Great wines don’t make themselves; they must be raised with care. This is the concept of élevage – of impelling non-fruit flavors and inducing wine to age gracefully. Oxygen plays a key role in this. As do barrels, which slowly expose wine to small amounts of oxygen.
We are very particular about the barrels we use – the cooperage, the amount of “toast” they receive, and of course, how long the wine stays in them. All of these things contribute to how much flavor is imparted. The telltale aromas of oak – vanilla, spice, clove, caramel – are desirable but only in moderation. Our aim is to court the effect of oak, not its flavor.
Growing grapes and making wine present the vintner with endless variables. There is always something you can do differently, always the potential for a different outcome and hopefully, a better wine. We are very deliberate in how we learn about the vineyards we source from and how to make wines that best express them. And so we experiment. Here’s how that plays out.
Including stems during fermentation is not an either/or proposition. It’s a matter of degree. While the goal is to make a more complex wine, adding more stems does not always correlate. Sometimes less is more. It depends on how ripe the stems are at harvest (yes, stems ripen too, not just berries). Ripe stems add savory flavors and can lengthen a wine’s structure. Underripe ones impart vegetal flavors and can leave a bitter aftertaste.
So what’s the optimal percentage of stems? For some, 40 percent is excessive; for others, less than 30 percent is insignificant. In short: it depends. Which is why we’re always experimenting, always seeking the right balance of savory and sweet with our Pinot Noirs and Syrah.
Nearly every wine is a blend of some sort. Some might be a blend of different barrels, each with its own level of toast. Others of different vineyards or appellations, each with its own terroir. Still others might be a blend of different varieties, each with its own flavor profile. While we are always experimenting with different barrels (our “spice rack” so to speak), it’s varietal blending that we’ve been exploring lately.
In 2017, our first and only harvest from Cavedale Vineyard, we had a few tons of gorgeous Cabernet and Merlot, and no firm plan what we would do with it. So we experimented. We went through dozens of blends–some earthy, some fruity, some lean, some plush, some with a dash of Cabernet Franc.
From this exercise, one blend that we liked immensely, we donated to the Sonoma County Barrel Auction. It was very well received. But we didn’t rest. We kept tasting through the barrels, fiddling with the percentages until we arrived at another blend we liked even more. So we bottled it as Sosie Red Blend, our first, and plan to release it sometime in 2020.
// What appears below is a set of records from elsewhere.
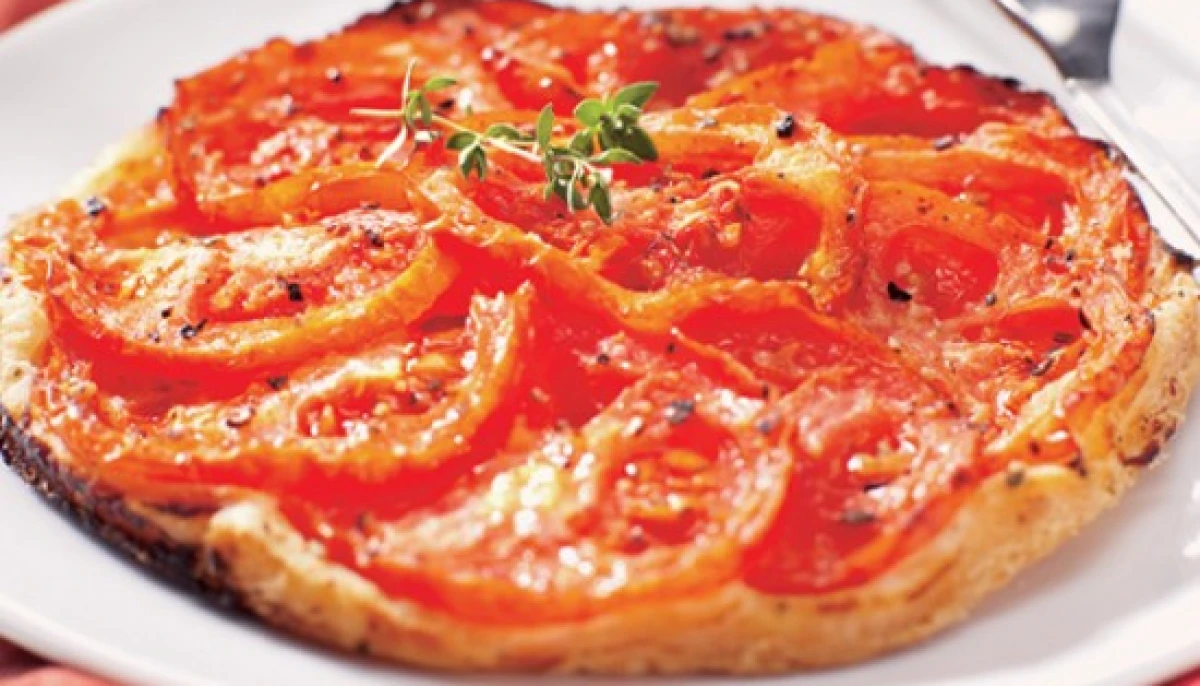 tarte fine à la tomate, ma préférée!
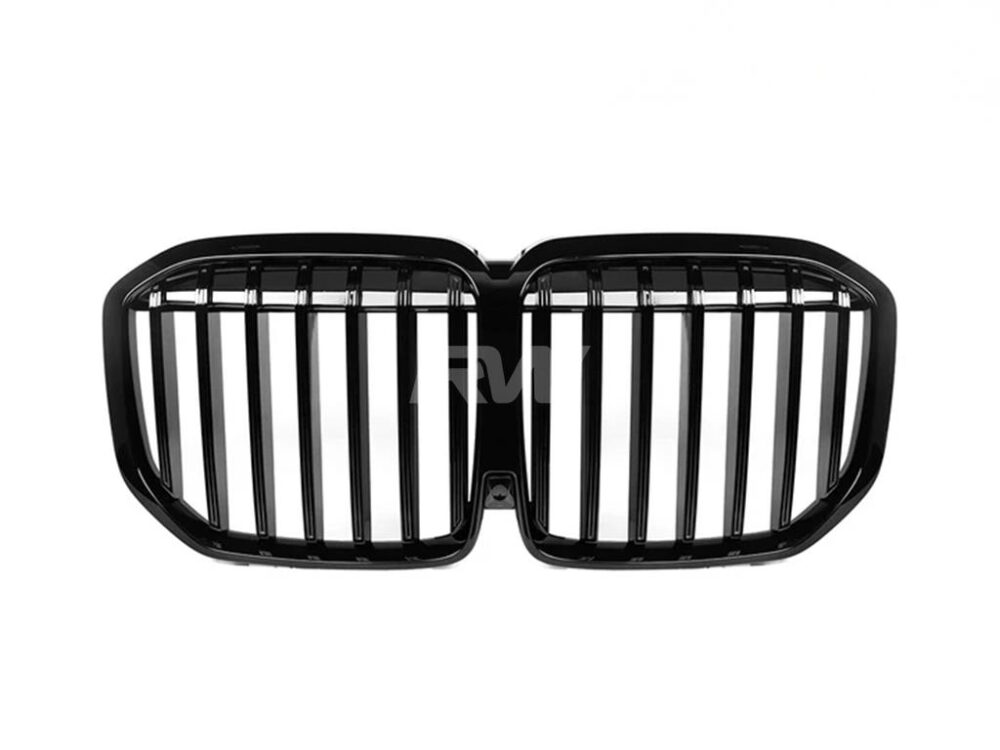 RW Carbon BMW G07 X7 LCI Glazing Black Front Grilles - Image 6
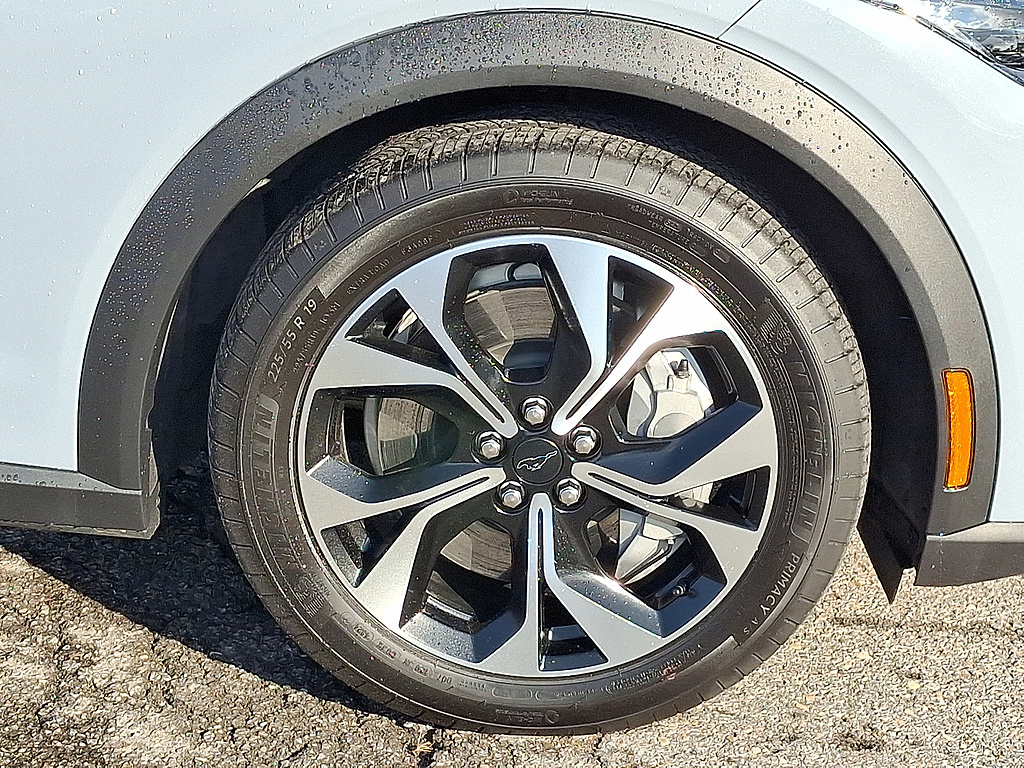 2025 Ford Mustang Mach-E Select Glacier Gray Metallic Tri-Coat at Woltz & Wind Ford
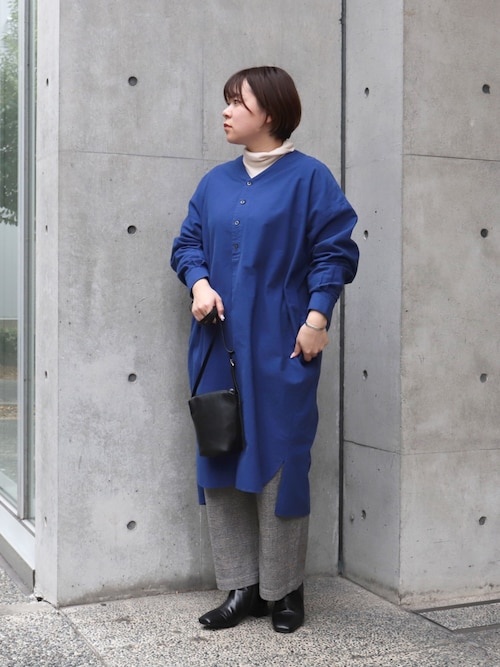 ドミンゴオフィスdomingo Officeさんのシャツワンピースを使ったコーディネート Zozotown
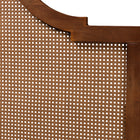 Baxton Studio Risha Mid-Century Modern Ash Walnut Finished Wood and Rattan King Size Headboard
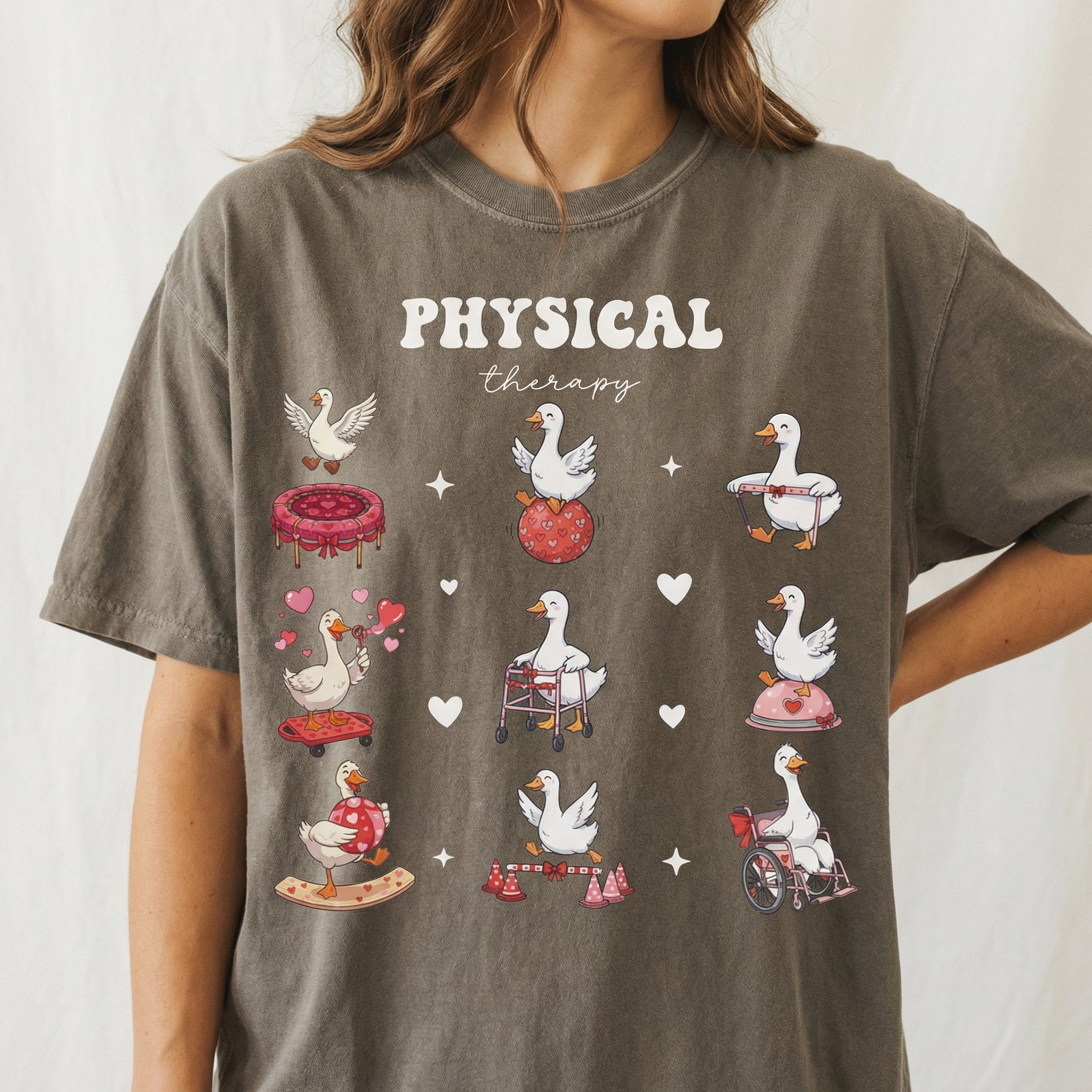 Physical Therapy Valentine T-Shirt – PT Heart Graphic Therapist Tee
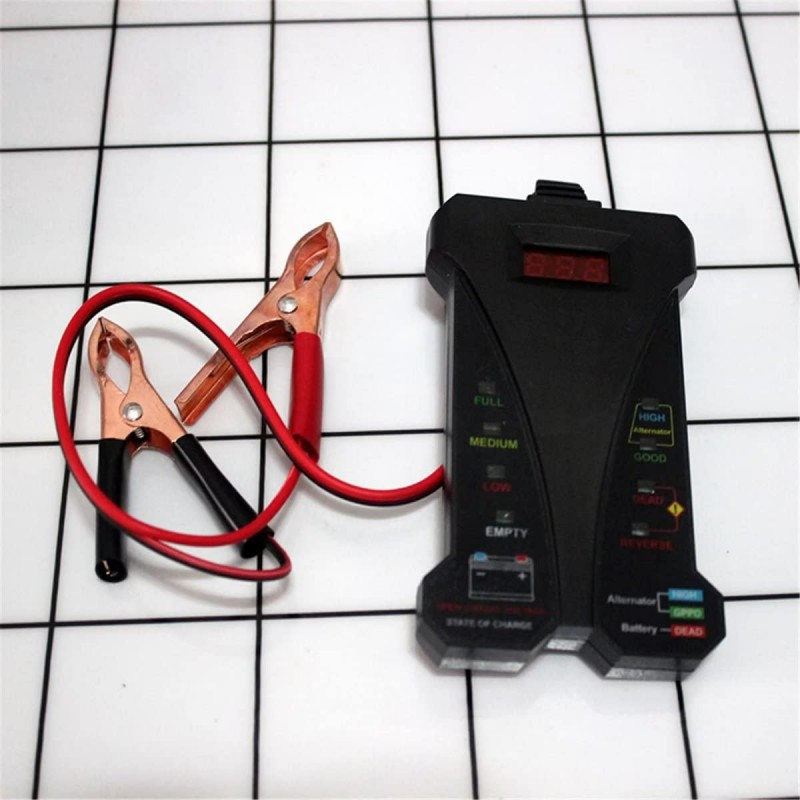 12V Digital Battery Tester & Voltmeter With LCD Display, Accurate Car Testers — image 2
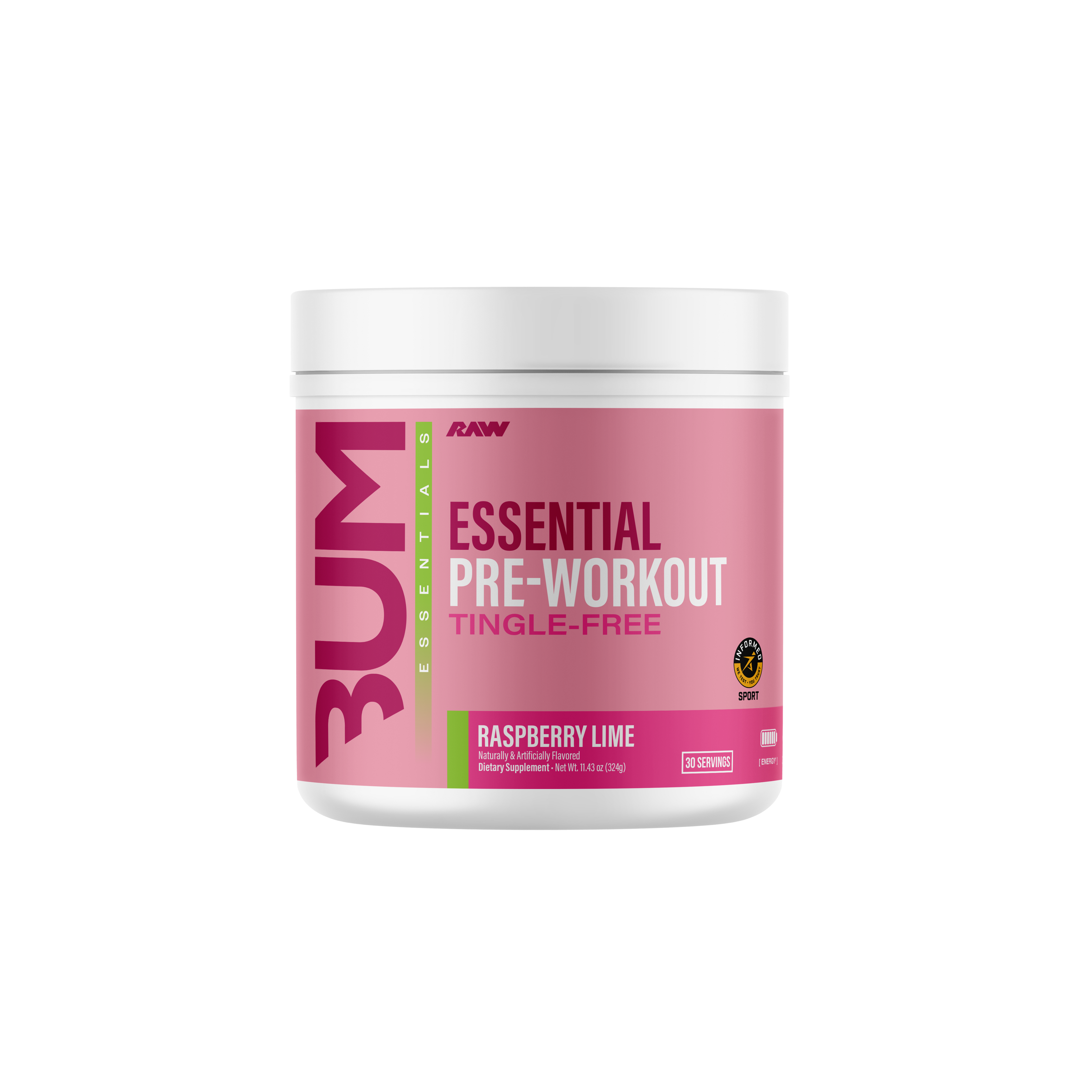 Raw Cbum Essentials Pre-Workout "Tingle Free"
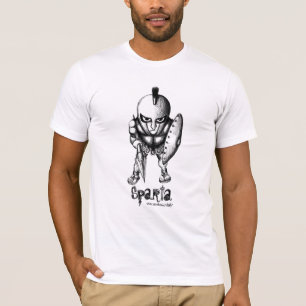 Conception spartiate de T-shirt de cool de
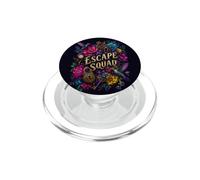 Escape Squad Escape Room Puzzle Team Floral Hummingbird PopSockets PopGrip for MagSafe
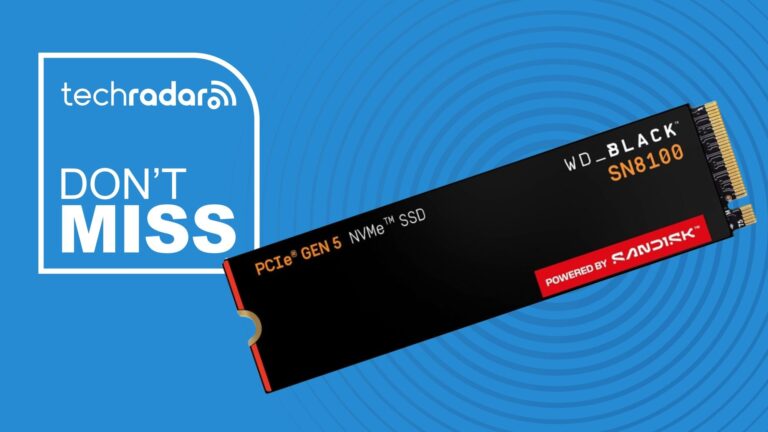 Save on WD-Black's blazing-fast SN8100 2TB Gen 5 SSD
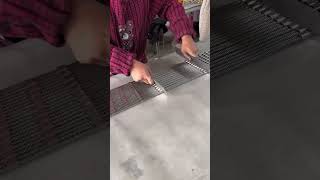 Stainless steel rope net finishing production [upl. by Hewes984]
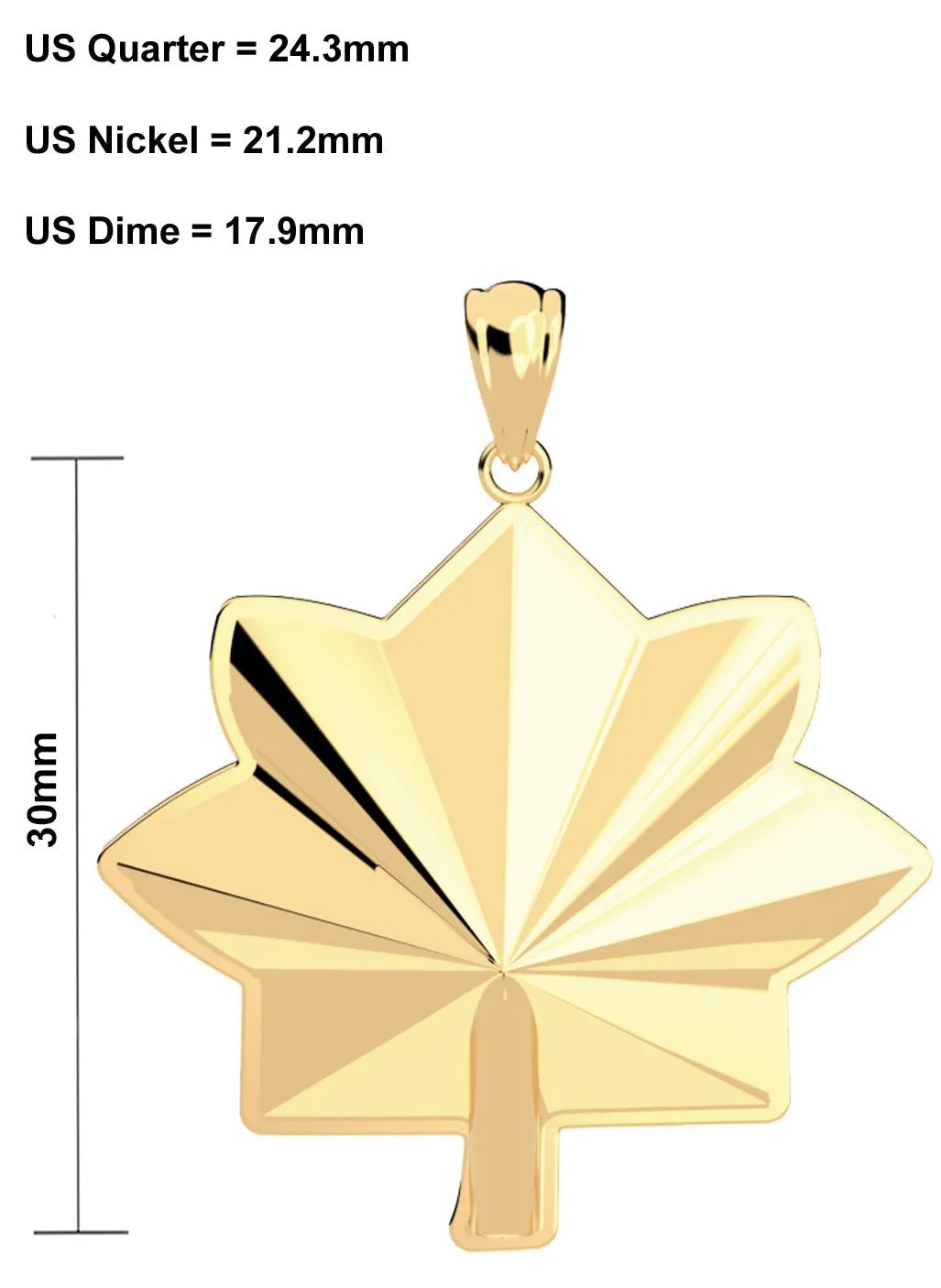 Men's 10k or 14k Yellow US Marine Corps Major Officer Pendant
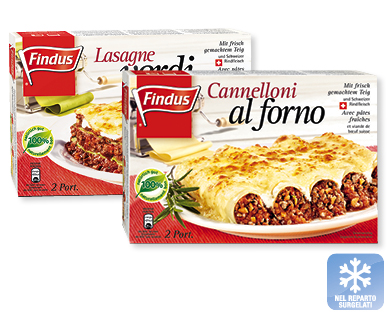 Lasagne verdi/Cannelloni al forno FINDUS(R)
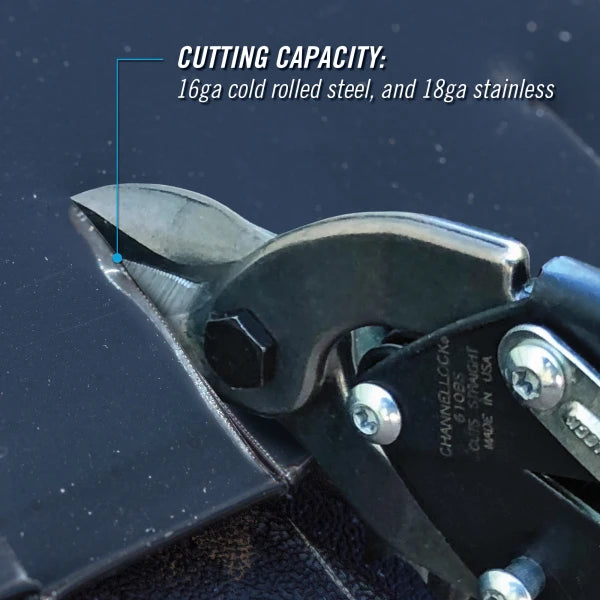 CHANNELLOCK 10" HD Aviation Snip
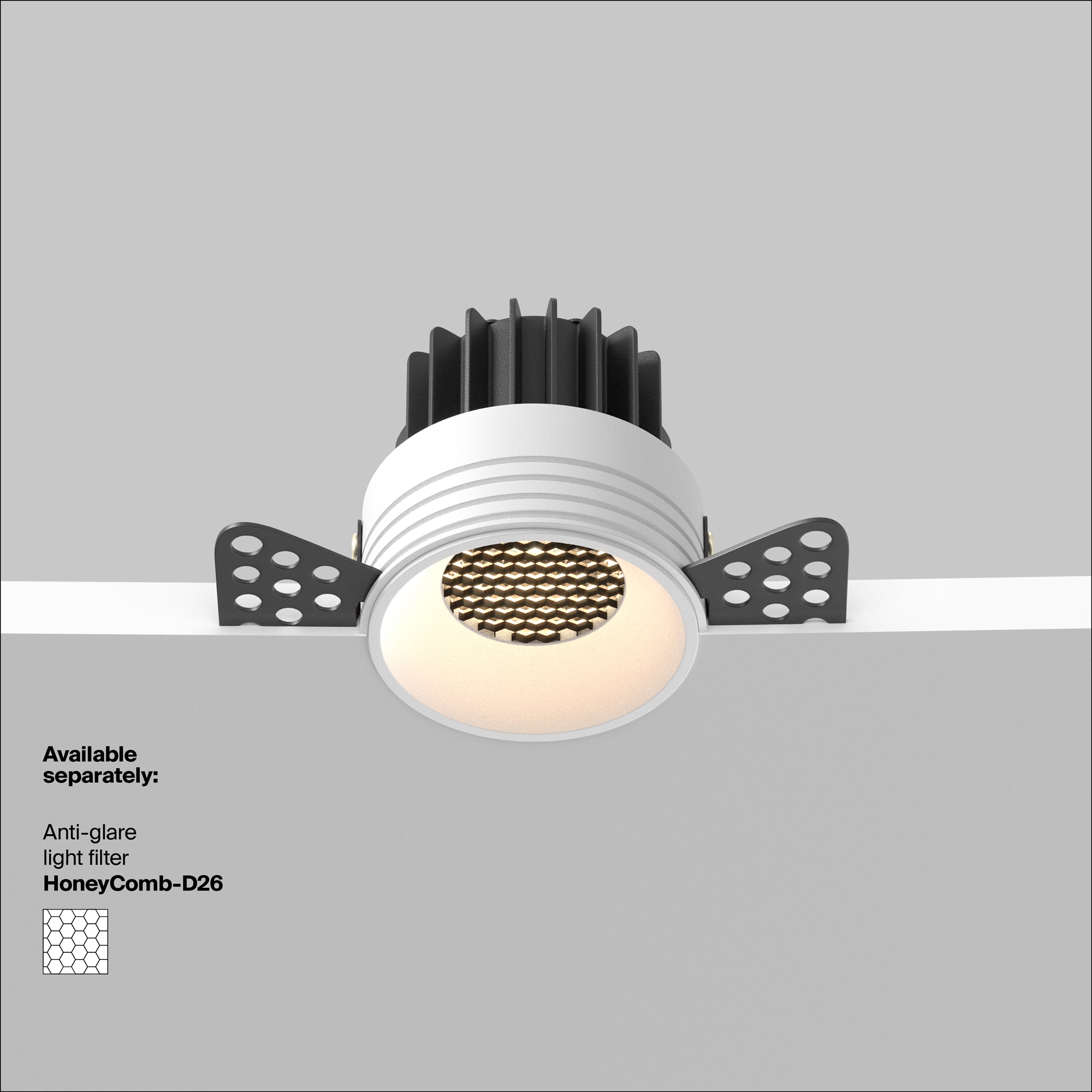 Встраиваемый светильник Technical DL058-7W3K-TRS-W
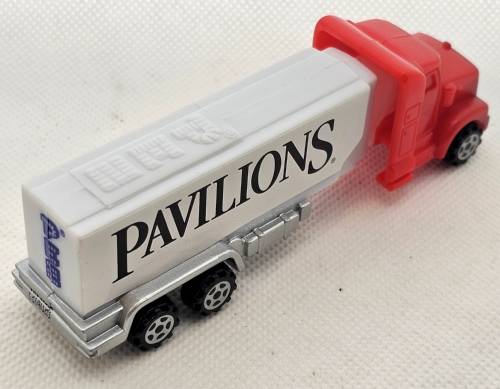 PEZ - Advertising Safeway - Truck - Red cab, white truck - Pavilions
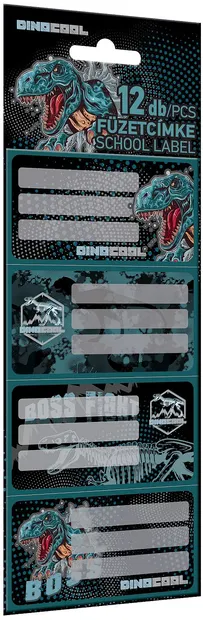 Etichete școlare Lizzy Card Dino Cool Boss - 12 buc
What did we learn from all this? For one thing, we learned about the law of diminishing returns; we learned when to stop. More importantly, we learned to trust our palate.
There are perhaps a half dozen ways to make sparkling wine. We are traditionalists so we default to méthode champenoise, where the transformation from a still to a sparkling wine occurs entirely inside the bottle. But that doesn’t mean we don’t experiment. We are obsessive when it comes to dosage.
Dosage is a simple corrective measure — a mix of wine and sugar — used to either balance a too-acidic wine or to actually impart some level of sweetness. Depending on the amount of dosage added, sparkling wines can exist on a spectrum of sweet to dry: doux, demi-sec, sec, extra dry, brut, brut nature. A single gram of residual sugar — added or taken away — makes all the difference. It’s hard work but someone’s gotta do it.